By Vladimir Osakovsky, Head of Strategy and Research for UniCredit Securities.
Russia might start to use its second sovereign wealth fund – Wellbeing Fund ($89.9bn as of 1 July 2009) to finance the federal budget deficit in 2010.
To finance a roughly 3,000bn roubles ($98bn) federal budget deficit in 2009, the Finance Ministry is actively using the Reserve Fund ($ 94.5bn as of 1 July 2009, down from $137bn in 1 January 2009), which was created specifically for this purpose. Given spending plans and the dire outlook for federal budget revenues, this fund looks to be completely depleted by mid-2010E, leaving a gap of some 700bn-1,200bn roubles ($23bn-38bn) to finance from other sources.
Previously, the government was mulling plans to extend its domestic and external borrowing program in 2010E to finance the deficit. Thus, the government announced its plans to borrow some $10bn (325bnroubles ) abroad in addition to 1,000bn roubles ($32bn) in domestic borrowing in 2010E.
However, Vedomosti reported that these plans were abandoned due to a risk of crowding out private investment and the high financial and political costs of external borrowing. This leaves the National Wellbeing fund as the last remaining source of deficit financing.
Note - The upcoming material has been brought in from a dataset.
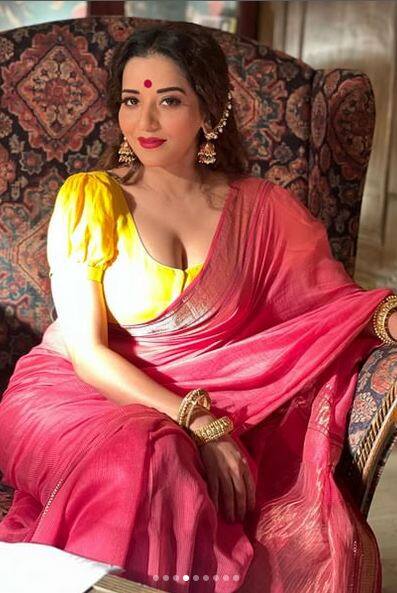 ਹਾਲ ਹੀ ਵਿੱਚ ਅਭਿਨੇਤਰੀ ਨੇ ਇੱਕ ਵਾਰ ਫਿਰ ਐਥਨਿਕ ਲੁੱਕ ਵਿੱਚ ਗਲੈਮਰਸ ਲੁੱਕ ਦਾ ਤੜਕਾ ਲਾਇਆ ਹੈ।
We note that without borrowing program, the 3,000bn roubles federal budget deficit in 2009 and 2,700bn roubles in 2010 could drain all of the government’s fiscal reserves by 2011. If this happens, we would regard it as negative for the ruble, as it suggests the continued expansion of monetary base through the conversion of fiscal reserves.
We also note that the existence of massive fiscal reserves is an important reason for Russia’s investment grade sovereign rating. Therefore, plans to spend down those reserves might trigger adverse rating actions by major rating agencies.
On the other hand, the lack of a domestic borrowing program also supports our expectations of continued decline in interest rates in Russia, which should offer support to investment and overall economy.
Plans to abandon the public borrowing program is a negative long-term development for the rouble and potentially for sovereign ratings, in our opinion. However, we would not expect an immediate market reaction given that no firm decision has yet been taken.